- **Exercise**
Retype, word for word, every line of the records below starting at the one that contains "Change House /" and ending at the one that contains "Fasad Eks Toko"; include both of those lines and nothing more.

(Extracted data Opens)

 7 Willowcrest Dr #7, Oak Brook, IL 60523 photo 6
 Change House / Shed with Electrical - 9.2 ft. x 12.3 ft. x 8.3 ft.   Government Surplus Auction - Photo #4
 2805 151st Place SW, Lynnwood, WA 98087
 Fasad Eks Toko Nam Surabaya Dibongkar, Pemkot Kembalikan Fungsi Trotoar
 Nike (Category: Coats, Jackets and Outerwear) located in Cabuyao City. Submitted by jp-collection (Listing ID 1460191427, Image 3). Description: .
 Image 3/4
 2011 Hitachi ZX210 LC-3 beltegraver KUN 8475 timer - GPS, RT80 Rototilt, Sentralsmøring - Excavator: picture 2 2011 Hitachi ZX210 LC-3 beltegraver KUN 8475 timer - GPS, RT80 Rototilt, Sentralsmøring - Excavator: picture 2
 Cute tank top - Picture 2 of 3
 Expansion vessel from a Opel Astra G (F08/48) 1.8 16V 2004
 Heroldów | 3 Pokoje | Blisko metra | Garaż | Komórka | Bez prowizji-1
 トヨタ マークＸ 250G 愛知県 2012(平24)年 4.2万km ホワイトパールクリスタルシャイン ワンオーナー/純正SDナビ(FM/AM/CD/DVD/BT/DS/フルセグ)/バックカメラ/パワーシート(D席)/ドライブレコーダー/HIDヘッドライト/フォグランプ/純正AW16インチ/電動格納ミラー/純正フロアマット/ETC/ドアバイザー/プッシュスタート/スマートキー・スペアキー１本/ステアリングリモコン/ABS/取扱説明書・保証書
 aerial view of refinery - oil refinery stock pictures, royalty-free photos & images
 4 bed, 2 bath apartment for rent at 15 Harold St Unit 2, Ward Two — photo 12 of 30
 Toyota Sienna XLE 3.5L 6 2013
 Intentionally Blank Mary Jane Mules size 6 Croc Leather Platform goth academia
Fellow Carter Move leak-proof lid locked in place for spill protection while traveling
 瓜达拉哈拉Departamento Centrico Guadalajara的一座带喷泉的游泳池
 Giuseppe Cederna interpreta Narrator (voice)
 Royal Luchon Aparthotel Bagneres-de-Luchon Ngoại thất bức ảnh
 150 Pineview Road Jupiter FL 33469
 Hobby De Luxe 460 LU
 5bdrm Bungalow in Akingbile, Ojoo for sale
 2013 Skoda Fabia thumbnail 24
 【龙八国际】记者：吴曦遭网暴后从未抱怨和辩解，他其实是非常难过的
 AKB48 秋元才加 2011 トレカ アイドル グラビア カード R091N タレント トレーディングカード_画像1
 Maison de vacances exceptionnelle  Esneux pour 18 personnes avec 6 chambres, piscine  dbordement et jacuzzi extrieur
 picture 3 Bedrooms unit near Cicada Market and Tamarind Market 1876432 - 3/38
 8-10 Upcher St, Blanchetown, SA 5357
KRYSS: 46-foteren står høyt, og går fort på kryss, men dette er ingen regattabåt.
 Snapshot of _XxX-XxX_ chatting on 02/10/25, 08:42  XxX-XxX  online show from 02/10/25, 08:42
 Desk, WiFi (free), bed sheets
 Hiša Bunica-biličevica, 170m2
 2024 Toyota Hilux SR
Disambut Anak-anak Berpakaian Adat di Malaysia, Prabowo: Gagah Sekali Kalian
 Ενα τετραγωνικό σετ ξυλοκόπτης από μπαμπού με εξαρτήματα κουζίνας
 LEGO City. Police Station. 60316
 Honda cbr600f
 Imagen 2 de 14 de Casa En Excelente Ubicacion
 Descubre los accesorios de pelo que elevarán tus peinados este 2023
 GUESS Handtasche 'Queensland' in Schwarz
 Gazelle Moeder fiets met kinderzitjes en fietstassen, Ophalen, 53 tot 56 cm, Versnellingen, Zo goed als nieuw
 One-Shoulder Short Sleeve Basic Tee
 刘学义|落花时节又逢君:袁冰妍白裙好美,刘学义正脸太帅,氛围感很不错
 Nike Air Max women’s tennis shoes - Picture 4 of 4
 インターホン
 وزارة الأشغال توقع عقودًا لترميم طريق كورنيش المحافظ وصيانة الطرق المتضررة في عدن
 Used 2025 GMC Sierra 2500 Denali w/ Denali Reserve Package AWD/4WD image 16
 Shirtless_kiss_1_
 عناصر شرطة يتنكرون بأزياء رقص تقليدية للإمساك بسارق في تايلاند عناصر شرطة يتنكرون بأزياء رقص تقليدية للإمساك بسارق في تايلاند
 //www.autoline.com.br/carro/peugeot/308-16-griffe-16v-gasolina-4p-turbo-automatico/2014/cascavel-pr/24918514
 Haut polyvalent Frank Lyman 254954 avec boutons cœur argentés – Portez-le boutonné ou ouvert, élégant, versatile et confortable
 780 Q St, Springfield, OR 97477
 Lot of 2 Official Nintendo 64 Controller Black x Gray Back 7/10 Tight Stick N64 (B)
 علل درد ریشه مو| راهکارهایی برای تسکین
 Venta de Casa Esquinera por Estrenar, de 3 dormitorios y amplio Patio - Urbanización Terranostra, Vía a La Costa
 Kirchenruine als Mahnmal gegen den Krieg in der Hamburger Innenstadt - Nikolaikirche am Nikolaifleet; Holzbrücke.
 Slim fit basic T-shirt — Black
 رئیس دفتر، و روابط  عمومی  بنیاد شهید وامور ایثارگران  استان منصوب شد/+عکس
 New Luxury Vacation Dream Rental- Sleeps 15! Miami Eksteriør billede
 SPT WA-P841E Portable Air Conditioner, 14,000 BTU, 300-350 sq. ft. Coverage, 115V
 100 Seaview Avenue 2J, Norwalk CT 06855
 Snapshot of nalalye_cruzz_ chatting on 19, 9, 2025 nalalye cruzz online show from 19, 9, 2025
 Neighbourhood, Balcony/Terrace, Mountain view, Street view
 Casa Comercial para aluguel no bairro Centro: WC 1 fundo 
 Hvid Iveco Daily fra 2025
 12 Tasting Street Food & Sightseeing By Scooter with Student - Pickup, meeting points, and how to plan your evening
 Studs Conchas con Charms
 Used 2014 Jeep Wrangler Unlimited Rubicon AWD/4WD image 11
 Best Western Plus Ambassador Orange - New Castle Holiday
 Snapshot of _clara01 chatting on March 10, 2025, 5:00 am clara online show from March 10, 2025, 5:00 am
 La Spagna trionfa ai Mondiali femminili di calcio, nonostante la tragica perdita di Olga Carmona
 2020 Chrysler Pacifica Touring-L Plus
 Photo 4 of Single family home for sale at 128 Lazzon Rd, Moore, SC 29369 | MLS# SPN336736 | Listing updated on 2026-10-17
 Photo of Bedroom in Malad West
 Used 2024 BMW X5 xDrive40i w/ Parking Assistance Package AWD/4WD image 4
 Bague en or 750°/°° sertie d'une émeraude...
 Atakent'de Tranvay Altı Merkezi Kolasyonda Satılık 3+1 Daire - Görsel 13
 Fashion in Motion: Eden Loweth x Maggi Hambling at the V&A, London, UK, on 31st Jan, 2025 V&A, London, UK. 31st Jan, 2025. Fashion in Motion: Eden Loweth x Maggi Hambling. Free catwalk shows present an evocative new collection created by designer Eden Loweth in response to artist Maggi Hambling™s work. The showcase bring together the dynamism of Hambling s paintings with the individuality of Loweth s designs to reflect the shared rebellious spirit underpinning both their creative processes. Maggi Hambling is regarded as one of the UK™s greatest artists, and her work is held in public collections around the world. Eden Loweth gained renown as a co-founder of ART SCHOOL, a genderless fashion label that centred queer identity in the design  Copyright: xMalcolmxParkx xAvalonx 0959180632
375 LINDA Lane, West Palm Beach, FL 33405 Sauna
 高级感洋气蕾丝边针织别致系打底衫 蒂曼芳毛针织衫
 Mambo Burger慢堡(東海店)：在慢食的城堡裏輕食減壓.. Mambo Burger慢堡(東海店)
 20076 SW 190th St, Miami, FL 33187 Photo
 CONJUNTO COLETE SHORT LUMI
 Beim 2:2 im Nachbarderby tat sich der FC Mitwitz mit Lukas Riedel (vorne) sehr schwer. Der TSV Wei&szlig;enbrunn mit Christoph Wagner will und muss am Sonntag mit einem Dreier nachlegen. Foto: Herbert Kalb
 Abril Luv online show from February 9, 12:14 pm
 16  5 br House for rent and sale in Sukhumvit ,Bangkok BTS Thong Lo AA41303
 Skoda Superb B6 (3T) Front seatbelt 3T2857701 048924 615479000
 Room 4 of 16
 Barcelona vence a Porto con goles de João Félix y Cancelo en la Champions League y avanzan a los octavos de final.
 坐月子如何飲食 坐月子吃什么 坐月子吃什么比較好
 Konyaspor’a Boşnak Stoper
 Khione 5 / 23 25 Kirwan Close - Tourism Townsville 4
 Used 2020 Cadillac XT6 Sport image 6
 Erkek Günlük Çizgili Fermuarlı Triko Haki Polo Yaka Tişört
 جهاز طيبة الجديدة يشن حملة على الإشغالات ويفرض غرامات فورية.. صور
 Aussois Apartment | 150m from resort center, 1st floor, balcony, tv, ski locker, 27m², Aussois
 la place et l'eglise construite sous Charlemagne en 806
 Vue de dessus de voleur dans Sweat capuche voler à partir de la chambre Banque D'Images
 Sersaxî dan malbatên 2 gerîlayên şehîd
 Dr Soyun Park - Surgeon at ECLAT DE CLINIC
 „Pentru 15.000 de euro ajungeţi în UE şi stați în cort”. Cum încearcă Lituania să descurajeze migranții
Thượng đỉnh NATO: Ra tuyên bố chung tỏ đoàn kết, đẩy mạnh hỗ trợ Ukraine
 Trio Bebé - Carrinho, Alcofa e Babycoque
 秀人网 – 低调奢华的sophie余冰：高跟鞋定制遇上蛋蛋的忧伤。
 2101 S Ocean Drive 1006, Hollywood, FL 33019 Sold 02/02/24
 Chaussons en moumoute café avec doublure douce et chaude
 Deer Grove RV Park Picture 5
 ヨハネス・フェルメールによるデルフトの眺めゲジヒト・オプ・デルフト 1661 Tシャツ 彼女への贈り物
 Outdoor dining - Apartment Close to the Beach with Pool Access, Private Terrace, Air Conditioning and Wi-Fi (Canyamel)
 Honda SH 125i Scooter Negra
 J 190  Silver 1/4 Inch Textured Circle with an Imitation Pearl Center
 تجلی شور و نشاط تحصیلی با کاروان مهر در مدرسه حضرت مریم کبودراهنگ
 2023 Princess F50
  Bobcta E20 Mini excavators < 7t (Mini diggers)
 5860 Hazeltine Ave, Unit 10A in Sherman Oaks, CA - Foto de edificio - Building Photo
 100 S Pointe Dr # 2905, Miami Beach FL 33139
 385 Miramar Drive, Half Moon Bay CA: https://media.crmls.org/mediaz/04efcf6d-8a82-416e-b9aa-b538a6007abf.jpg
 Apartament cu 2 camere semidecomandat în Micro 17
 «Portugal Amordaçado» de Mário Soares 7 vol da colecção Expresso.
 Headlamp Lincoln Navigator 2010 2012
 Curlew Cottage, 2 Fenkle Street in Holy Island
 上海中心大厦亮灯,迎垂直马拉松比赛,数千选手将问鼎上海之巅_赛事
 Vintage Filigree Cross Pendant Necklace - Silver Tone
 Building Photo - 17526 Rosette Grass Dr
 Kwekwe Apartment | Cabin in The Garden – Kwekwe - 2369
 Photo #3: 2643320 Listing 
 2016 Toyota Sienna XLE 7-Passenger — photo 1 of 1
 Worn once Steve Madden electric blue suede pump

(Extracted data Closes)

- **Written solution**
 Change House / Shed with Electrical - 9.2 ft. x 12.3 ft. x 8.3 ft.   Government Surplus Auction - Photo #4
 2805 151st Place SW, Lynnwood, WA 98087
 Fasad Eks Toko Nam Surabaya Dibongkar, Pemkot Kembalikan Fungsi Trotoar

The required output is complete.